The University of North Texas has turned to cluster and cloud infrastructure automation software company Bright Computing for its high performance computing system.

The academic body has integrated Bright Cluster Manager into its HPC environment, using a 350-node cluster comprised of both new and legacy hardware.

Shine bright like a cluster

University of North Texas
University of North Texas – Michael Barera

The heterogeneous cluster contains four different variations of Dell PowerEdge compute nodes - C6320 servers with two 2.4GHz Intel Xeon E5-2680 v4 fourteen-core processors, R420 servers with two 2.1GHz Intel Xeon E5-2450 eight-core processors, R720 servers with four 2.4GHz Intel Xeon E5-4640 eight-core processors, and R730 servers with two 2.4GHz Intel Xeon E5-2680 v4 fourteen-core processors and two Nvidia Tesla K80 GPUS (4,992 GPU cores/card).

“We are pleased that our solutions help support the researchers’ wide variety of work done in physics, chemistry, and engineering,” Bill Wagner, Bright Computing’s CEO, said.

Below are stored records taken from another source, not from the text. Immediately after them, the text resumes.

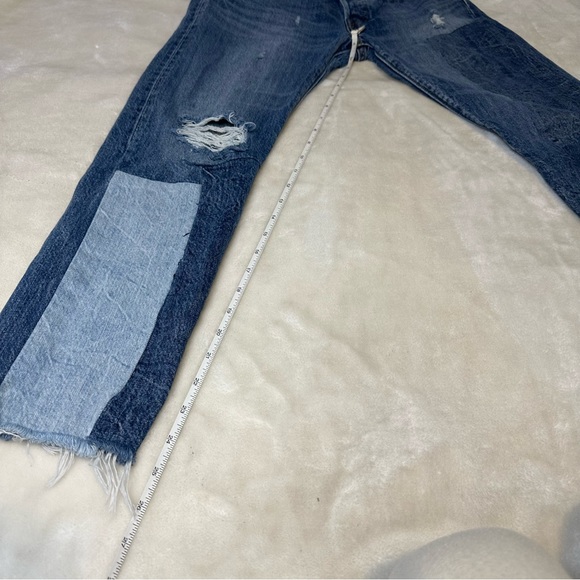 Levi's 501 Color-block Patchwork Ragged Lands Raw Hem Slim Straight Denim Jeans - Picture 8 of 16
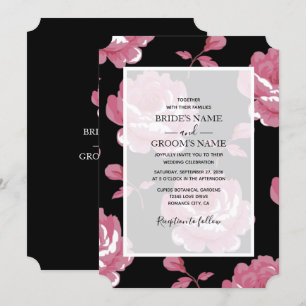 Elegant Rosa Vintage Ro bröllopsinbjudningar Inbjudningar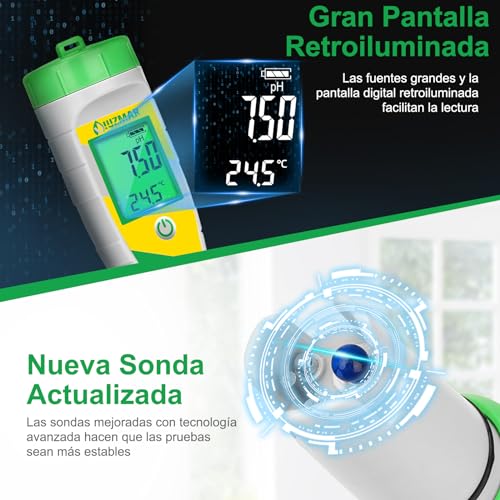 Thumbnail 4 de UIUZMAR Medidor 5 en 1 de pH y salinidad para piscina, hidroponía y más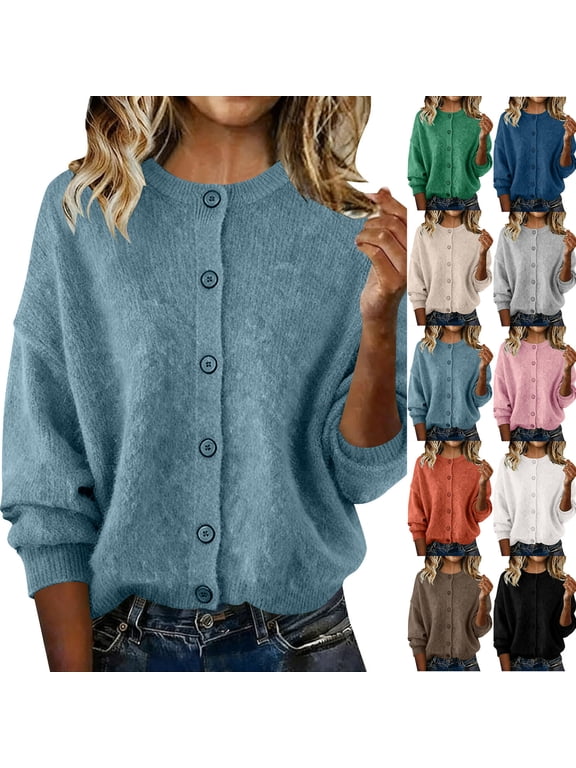 Button Down Sweaters for Women Long Sleeve Button Up Cardigans Sweaters Casual Solid Color Sweaters S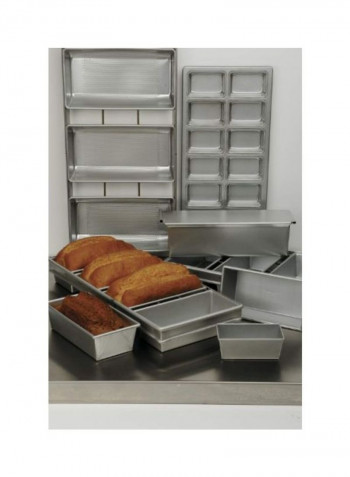 4 Straped Commercial Bakeware Bread Pan Set Grey 3.1x17.9x2.2inch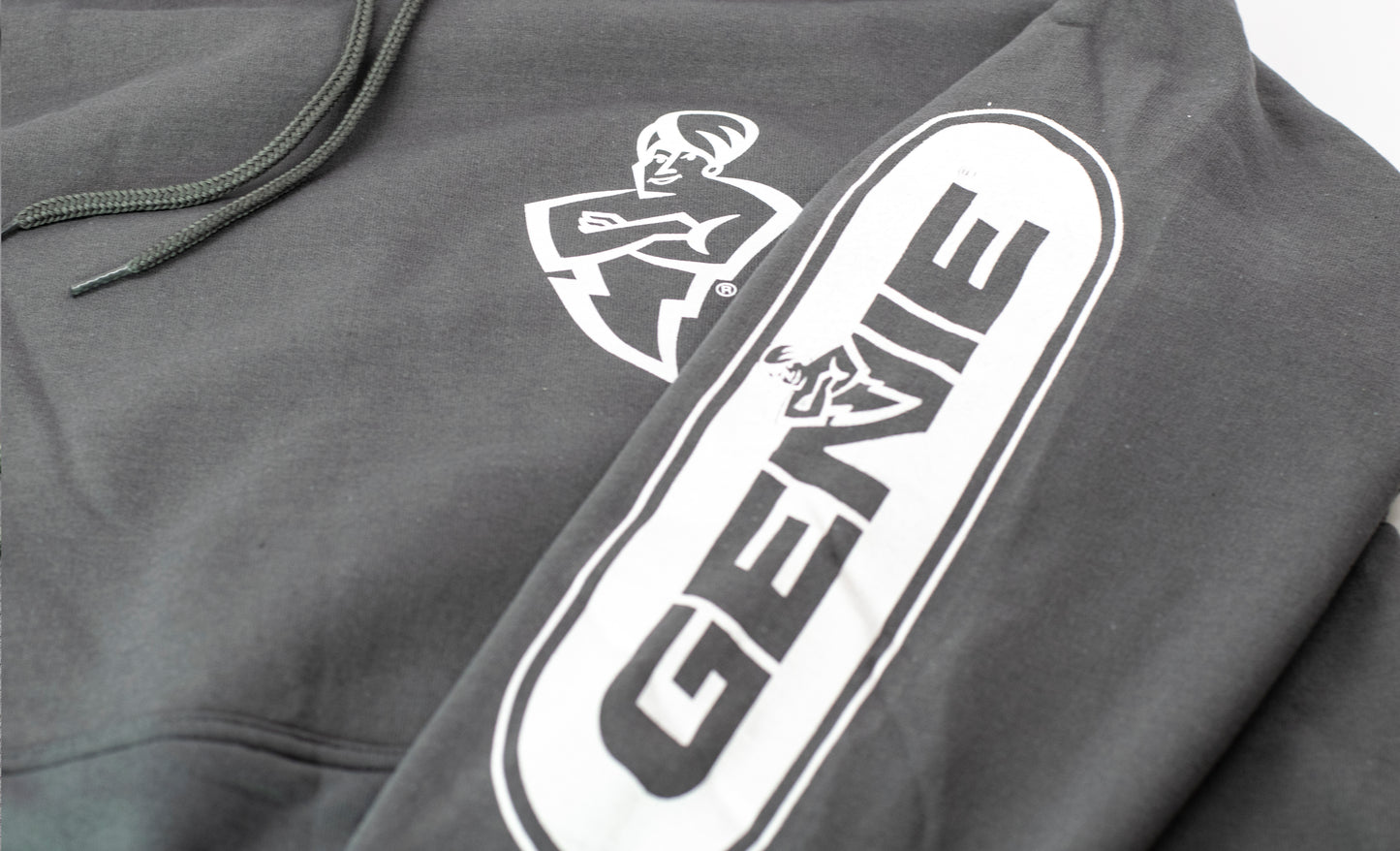 The Genie Company logo on the hooded sweatshirt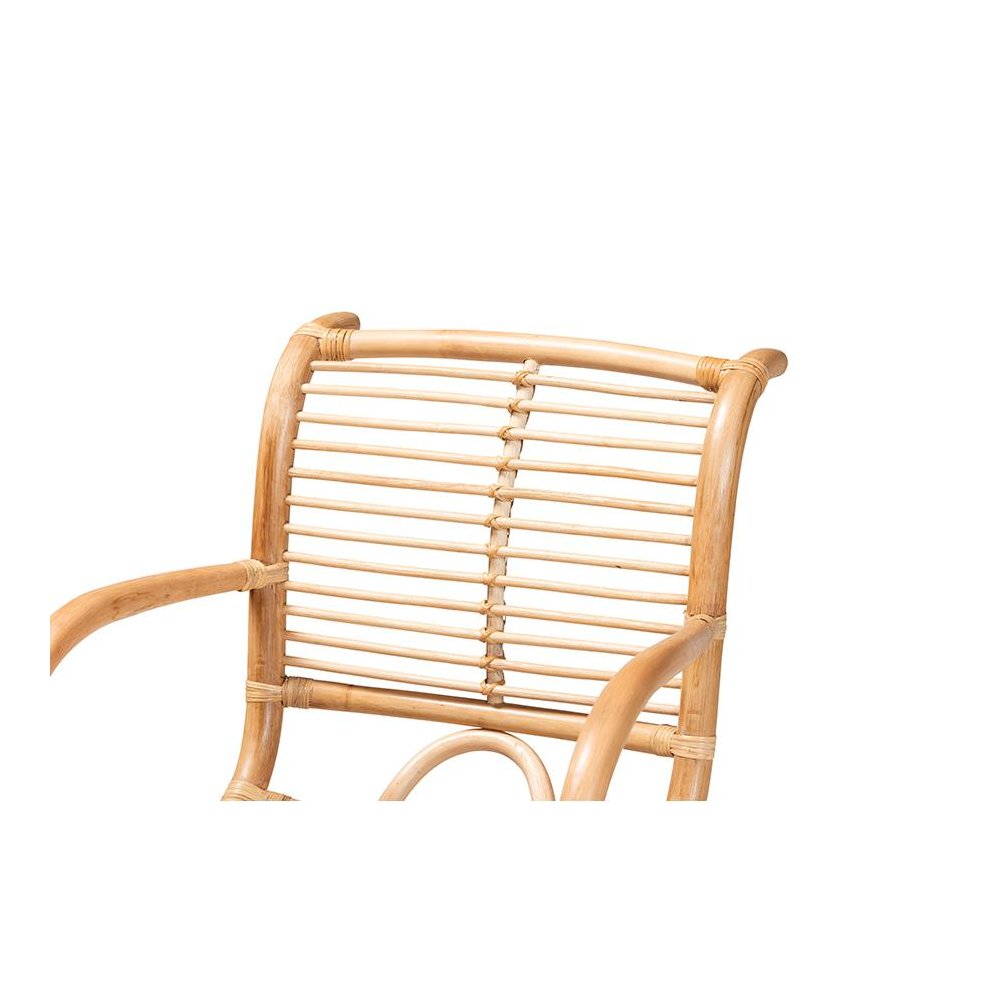 bali & pari Seminyak Modern Bohemian Natural Rattan Lounge Chair. Picture 5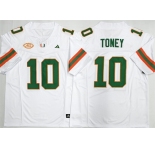 Men's Miami Hurricanes #10 Malachi Toney White F.U.S.E. 2026 Stitched Football Jersey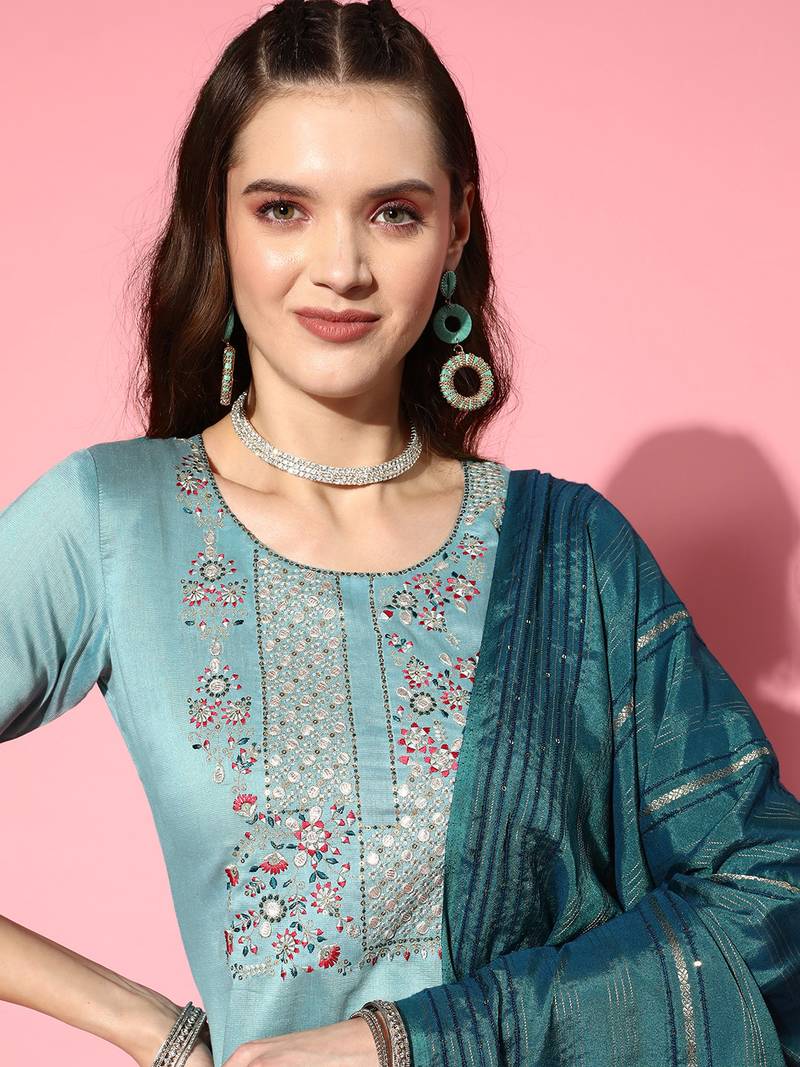 Women Sky Blue Zari Sequence Embroidered Silk Blend Kurta Pant With Laheriya Dupatta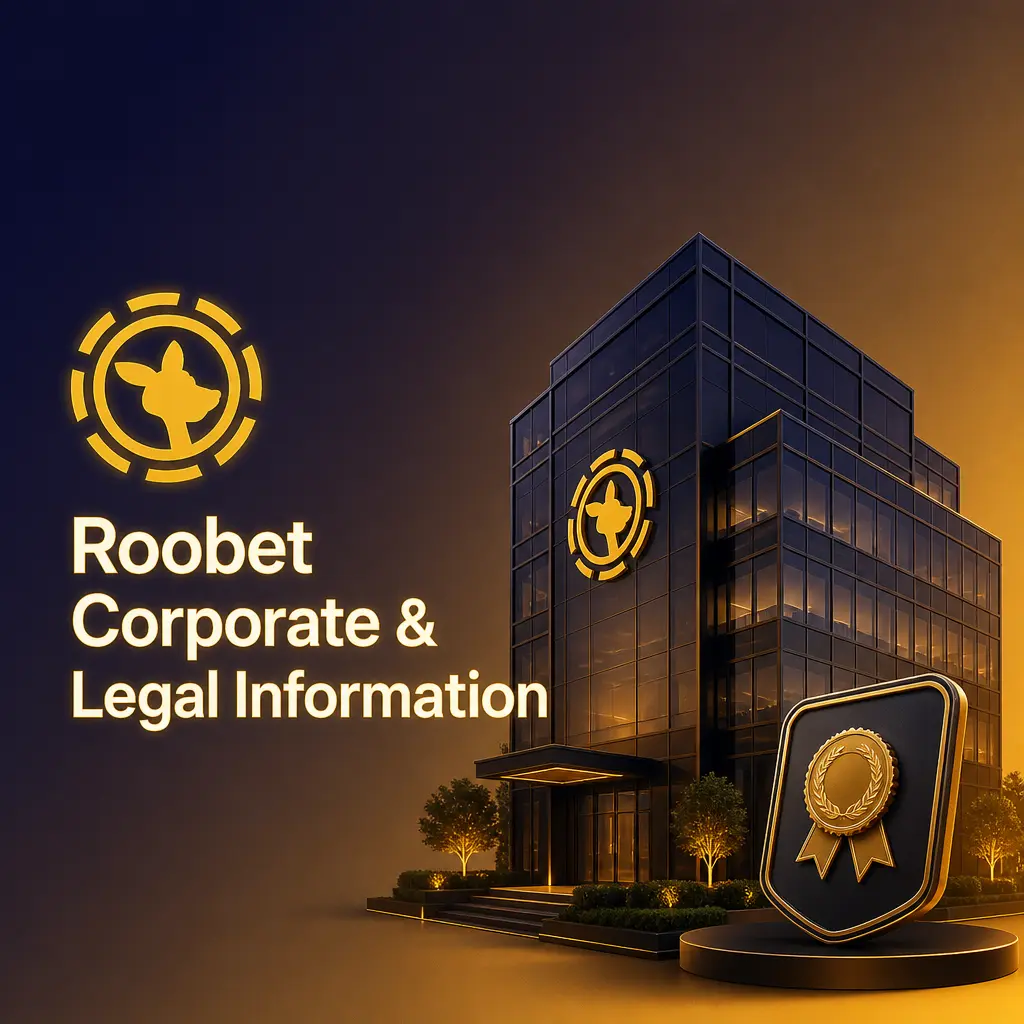 Roobet corporate and legal information page showing licensing, registration, and regulatory details for the online gaming platform.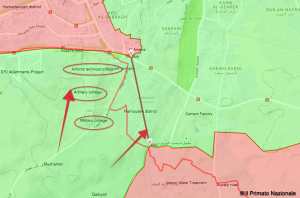 la cartina con le direttrici dell' attacco islamista che ha rotto l'assedio di Aleppo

“We look forward to continuing to help UNT meet their cluster demands and research goals by simplifying their cluster monitoring and management so they can make groundbreaking discoveries.”

While the news was announced today, the cluster manager has been operational at UNT for the past seven months, and can now manage about 200 more machines.

The cluster will be used for various research projects, including UNT’s contract with the US Department of Defense to research how to make flying safer.